The Americas’ tropical rainforests, including the Amazon, store 51.4% of this carbon. Africa’s forests store 28.4% of the total, and Indonesia’s store 18.4%. Not all forests store carbon equally, however; in most of the Americas, including the Amazon, most of the carbon is stored in “thick forest,” but in Africa and Asia, scrublands, shrublands and savannas store almost as much carbon as forests do. This discovery has important implications for how REDD+ programs are structured. Current REDD+ programs tend to favor forest-based conservation; the protection of other types of vegetation such as scrubland or peat lands is more difficult. This new study suggests that in Africa and Asia, at least, REDD+ must seriously consider the role of non-forest lands in sequestering carbon in biomass.

If we combine these new estimates of tropical carbon storage with several different projections of deforestation rates, we are left with a range of possible values for how much deforestation contributes to global carbon emissions.

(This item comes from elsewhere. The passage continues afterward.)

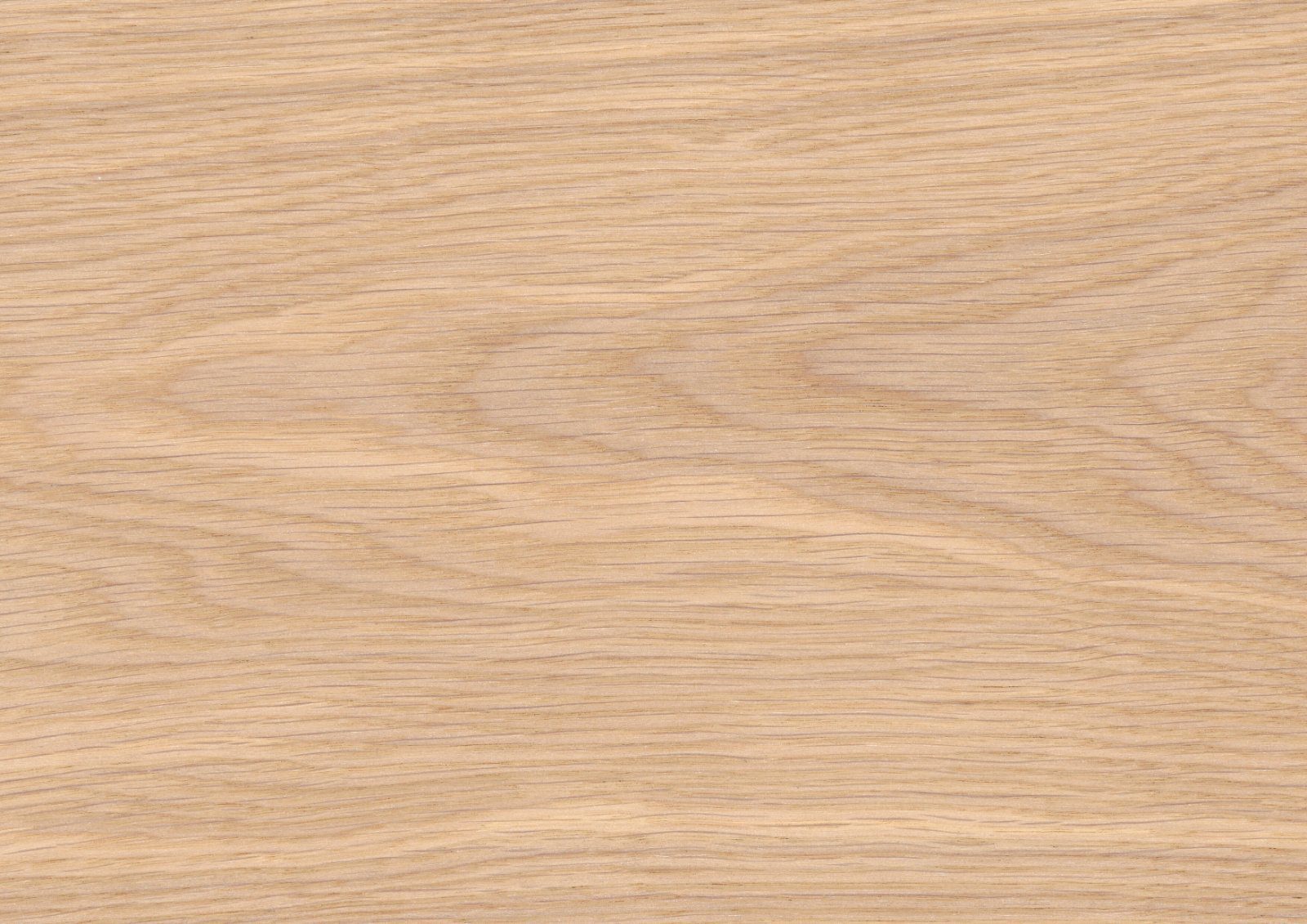Tammeparkett Thede & Witte Euro XL, natuur, harjatud, valgeõlitatud, 1-lip, 2230 x 254 x 14 mm – vaade 3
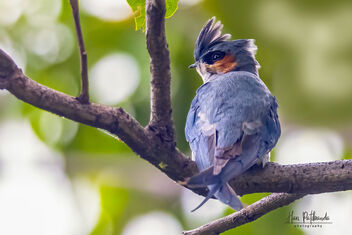 A Male Crested Treeswift keeping a watchful eye on the surroundings - image #482679 gratis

The authors of this study report a figure of 1.14 PgC/yr, or about 13% of global emissions. While this number is lower than previously suggested, it remains very significant and indicates that addressing deforestation is an important component in the fight to lower emissions.

Understanding that this is an important part of lowering global emissions, the study thus emphasizes the importance of LiDAR and remotely sensed data in a REDD+ program; if we can accurately understand the amount of carbon stored in various types of biomass, we can structure more effective emissions reduction programs. In this study, LiDAR was used to generate a 3-D model of the forest canopy that, when combined with field-testing, infrared photography and other spectrographic imaging, can remotely generate the biological information necessary to measure carbon content of a forest. The technology does this by beaming a laser from a plane or satellite at the ground. This laser is then reflected back to the plane at different times by everything it hits (leaves, limbs, trunks and eventually the ground). By measuring the time between each returning beam, the height of each of these objects can be measured. Modern LiDAR systems send almost one million pulses per minute, which allows for the measurement of both the height and the shape of the canopy. When combined with infrared photography, in which different types of trees show up as different colors, scientists can determine the size, species and density of trees in a forest. All of this information is necessary to more accurately measure carbon content. Historically, this measurement required a trained forester to walk through the forest to gather data — a process that was both expensive and time consuming. LiDAR allows the same data to be gathered with a fraction of the time and money.

Remote sensing is not without flaws, though. Much of the process is dependent upon having clear skies — which can be a challenge in the tropics — and having enough flight paths over a given area, so complete coverage of the tropics is still not possible. The study mitigates this issue by combining remote sensing with field work (for verification) and the largest forest model to date to generate its unprecedented maps. Combining all three, at this scale, is a major step forward and will help advance the use of remote sensing for global forest protection.

Tropical forests play an immense role in combating global warming; they currently sequester more carbon than has been released from the combustion of fossil fuels since 1850. Ensuring that this carbon remains in the forests through REDD+ programs is therefore crucial to lowering emissions, and accurate measurements of forest carbon content make these programs even more feasible. Remotely sensed data will not only make these measurements more accurate, but also make REDD+ programs available to those countries and communities that could not previously afford to initiate them. While this information is still not cheap, accessibility and accuracy increase as the field advances, making REDD+ an ever more likely success.